MidnightMiqu

original https://huggingface.co/sophosympatheia/Midnight-Miqu-70B-v1.0

Overview

This is a SLERP merge between 152334H/miqu-1-70b-sf and sophosympatheia/Midnight-Rose-70B-v2.0.3. I think this model retains much of what made Midnight Rose special while gaining some capabilities from Miqu, including better long-context support. (YMMV)

This model is uncensored. You are responsible for whatever you do with it.

This model was designed for roleplaying and storytelling and I think it does well at both. It may also perform well at other tasks but I have not tested its performance in other areas.

Long Context Tips

You can run this model past 4096 context with alpha_rope set to 1, but I think it performs better if you set alpha_rope to what you would normally use for a Llama2 model with 4096 context. For example, alpha_rope 2.5 for 8K. Miqu can go up to 32K context in theory. I would expect performance to degrade as you exceed 8K, which is typical for Llama2 models, but the dropoff may not be as extreme with this merge thanks to Miqu. UPDATE: I was able to test my 5.0 bpw exl2 quant of this model out to 16K context just now using 8-bit cache with alpha_rope 1 and it was okay!

Sampler Tips

  • I recommend using Quadratic Sampling (i.e. smoothing factor) for creative work. Experiment with values between 0.2 and 0.5.
  • I recommend using Min-P. Experiment to find your best setting.
  • You can enable dynamic temperature if you want, but that adds yet another variable to consider and I find it's unnecessary with you're already using Min-P and smoothing factor.
  • You don't need to use a high repetition penalty with this model, such as going above 1.10, but experiment with it.
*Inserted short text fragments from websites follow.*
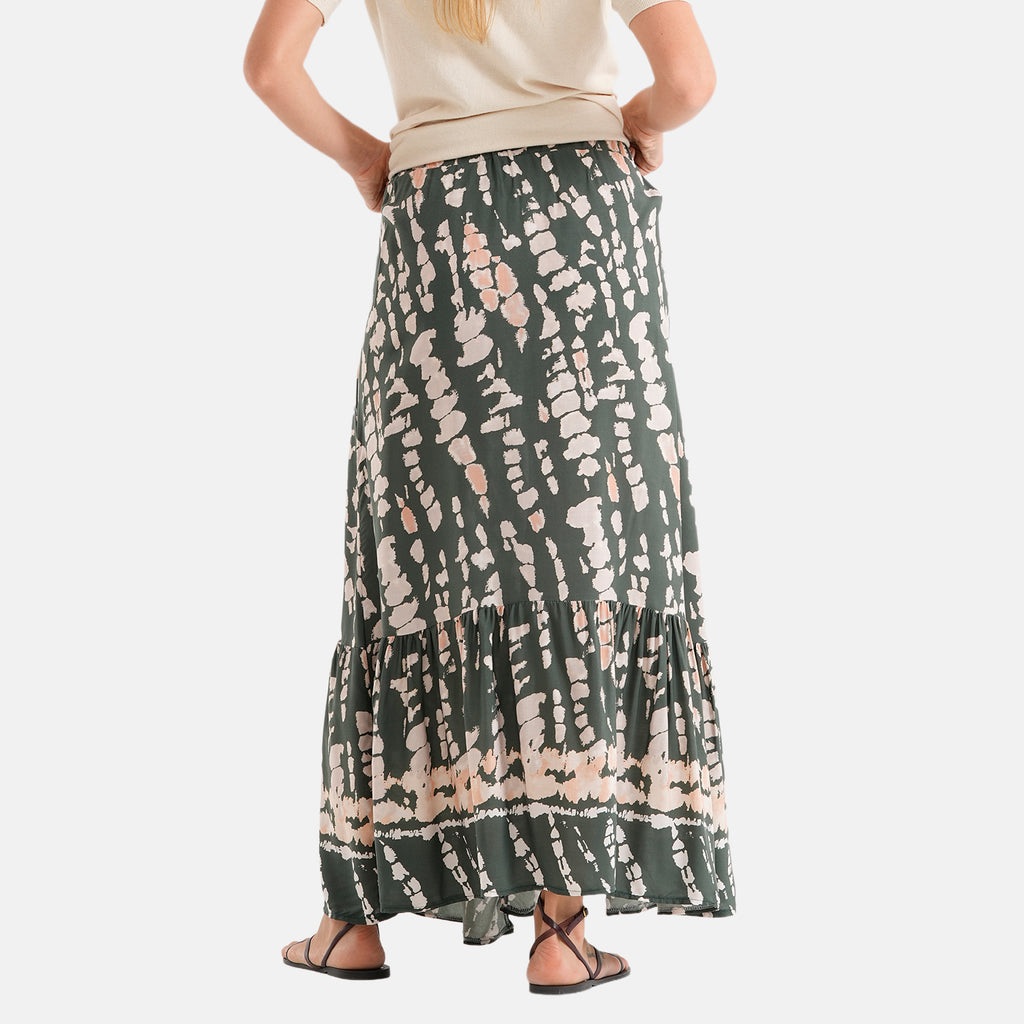 La Marey Print Buttoned Skirt (Size - S/M, 8-14) - Green_8507979_2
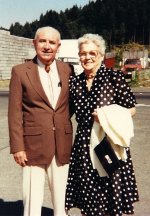 [ Harry and Mary at her 50th high school reunion, July 1985 ]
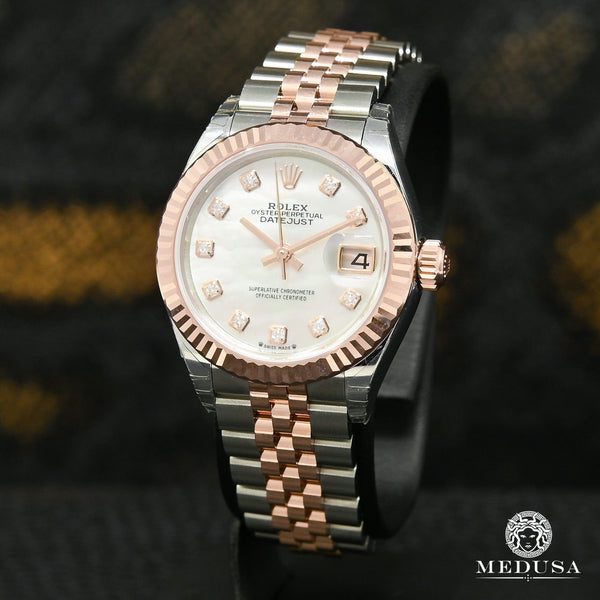 Montre Rolex Rolex Lady-Datejust 28mm Everose ''Mother of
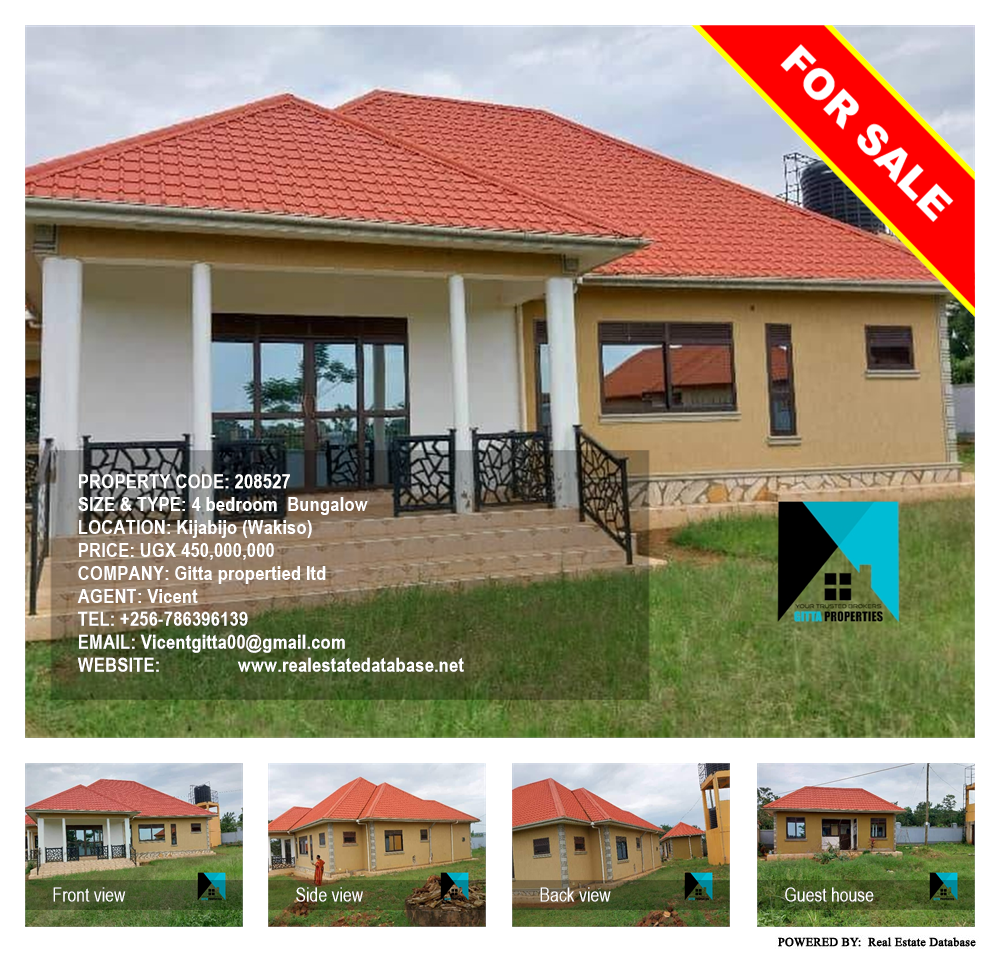 4 bedroom Bungalow  for sale in Kijabijo Wakiso Uganda, code: 208527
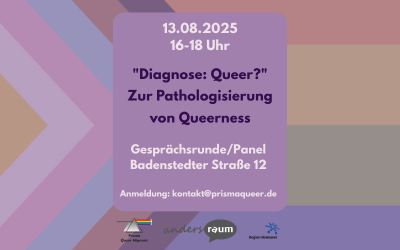 Paneltalk: „Diagnose: Queer?“ Zur Pathologisierung von Queerness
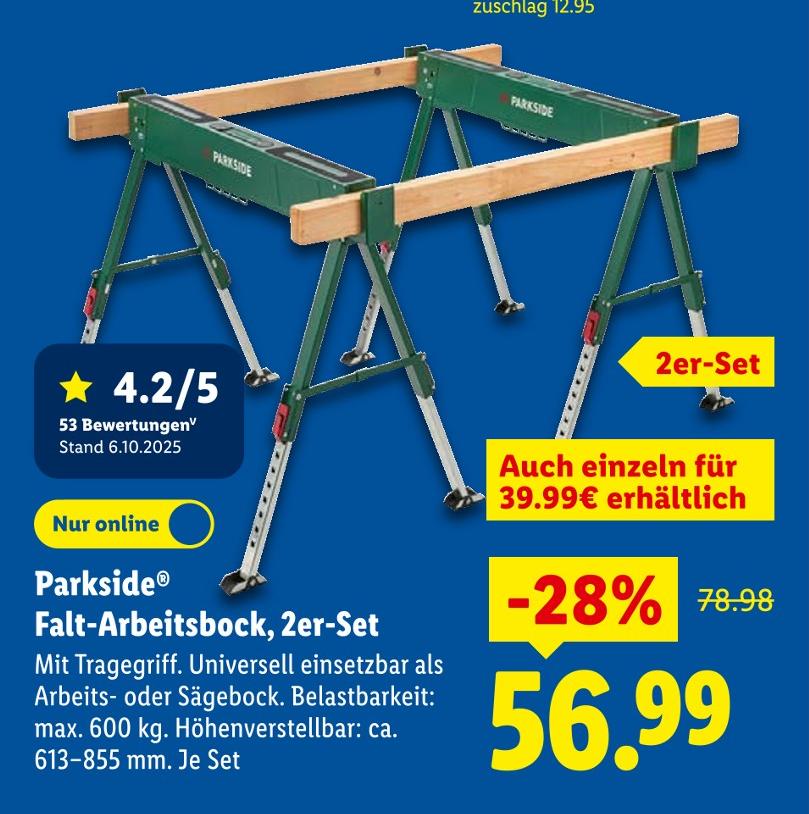 Falt-Arbeitsbock, einzeln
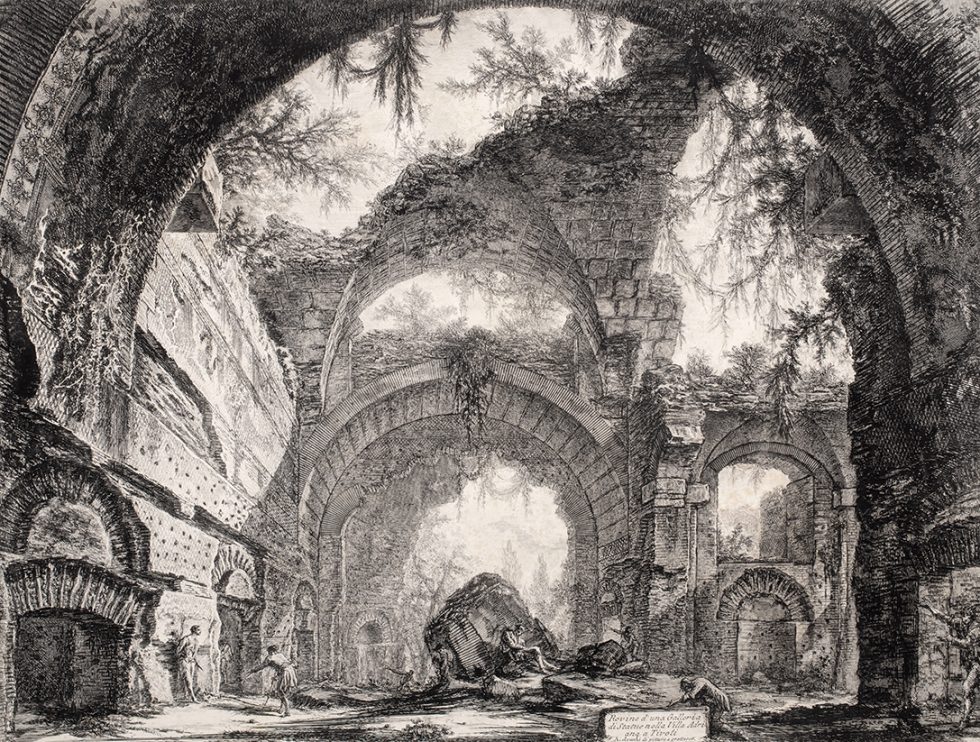 Ruins of a Gallery of Statues at Hadrian's Villa by Giovanni Battista Piranesi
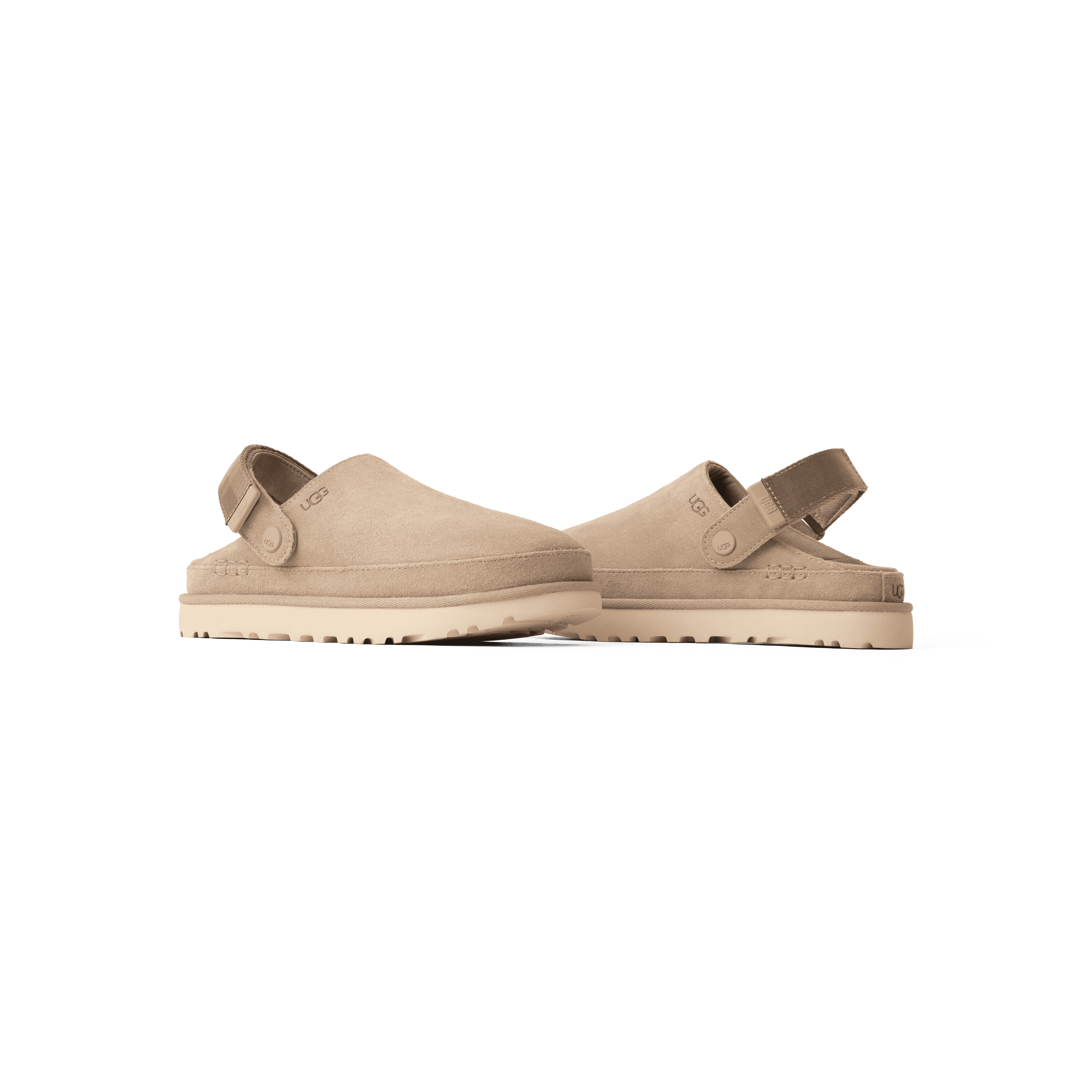 UGG Women Goldenstar Clog Sand + UGG Care Kit Bundle-Footprint USA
Experiment with any and all of the settings below! What suits my preferences may not suit yours.

If you save the below settings as a .json file, you can import them directly into Silly Tavern.

{
    "temp": 1,
    "temperature_last": true,
    "top_p": 1,
    "top_k": 0,
    "top_a": 0,
    "tfs": 1,
    "epsilon_cutoff": 0,
    "eta_cutoff": 0,
    "typical_p": 1,
    "min_p": 0.15,
    "rep_pen": 1.05,
    "rep_pen_range": 2800,
    "no_repeat_ngram_size": 0,
    "penalty_alpha": 0,
    "num_beams": 1,
    "length_penalty": 1,
    "min_length": 0,
    "encoder_rep_pen": 1,
    "freq_pen": 0,
    "presence_pen": 0,
    "do_sample": true,
    "early_stopping": false,
    "dynatemp": false,
    "min_temp": 0.8,
    "max_temp": 1.35,
    "dynatemp_exponent": 1,
    "smoothing_factor": 0.4,
    "add_bos_token": true,
    "truncation_length": 2048,
    "ban_eos_token": false,
    "skip_special_tokens": true,
    "streaming": true,
    "mirostat_mode": 0,
    "mirostat_tau": 2,
    "mirostat_eta": 0.1,
    "guidance_scale": 1,
    "negative_prompt": "",
    "grammar_string": "",
    "banned_tokens": "",
    "ignore_eos_token_aphrodite": false,
    "spaces_between_special_tokens_aphrodite": true,
    "sampler_order": [
        6,
        0,
        1,
        3,
        4,
        2,
        5
    ],
    "logit_bias": [],
    "n": 1,
    "rep_pen_size": 0,
    "genamt": 500,
    "max_length": 8192
}

Prompting Tips

Try the following context template for use in SillyTavern. It might help, although it's a little heavy on tokens. If you save the text as a .json file, you can import it directly.

{
    "story_string": "{{#if system}}{{system}}\n{{/if}}\nCONTEXTUAL INFORMATION\n{{#if wiBefore}}\n- World and character info:\n{{wiBefore}}\n{{/if}}\n{{#if description}}\n- {{char}}'s background and persona:\n{{description}}\n{{/if}}\n{{#if mesExamples}}\n{{mesExamples}}\n{{/if}}\n{{#if personality}}\n{{personality}}\n{{/if}}\n{{#if scenario}}\n- Roleplay scenario:\n{{scenario}}\n{{/if}}\n{{#if wiAfter}}{{wiAfter}}\n{{/if}}\n{{#if persona}}{{persona}}\n{{/if}}",
    "example_separator": "",
    "chat_start": "---\nTaking the above information into consideration, you must engage with {{user}} and others as {{char}} in the roleplay below this line. Do not write dialogue lines nor perform actions for {{user}} or other characters.\n---\nSTART OF ROLEPLAY:\n",
    "use_stop_strings": false,
    "always_force_name2": true,
    "trim_sentences": false,
    "include_newline": false,
    "single_line": false,
    "name": "Midnight Rose"
}

Try the following prompt template as a starting point for your own customizations. The cajoling parts supposedly make LLMs perform better. See this paper.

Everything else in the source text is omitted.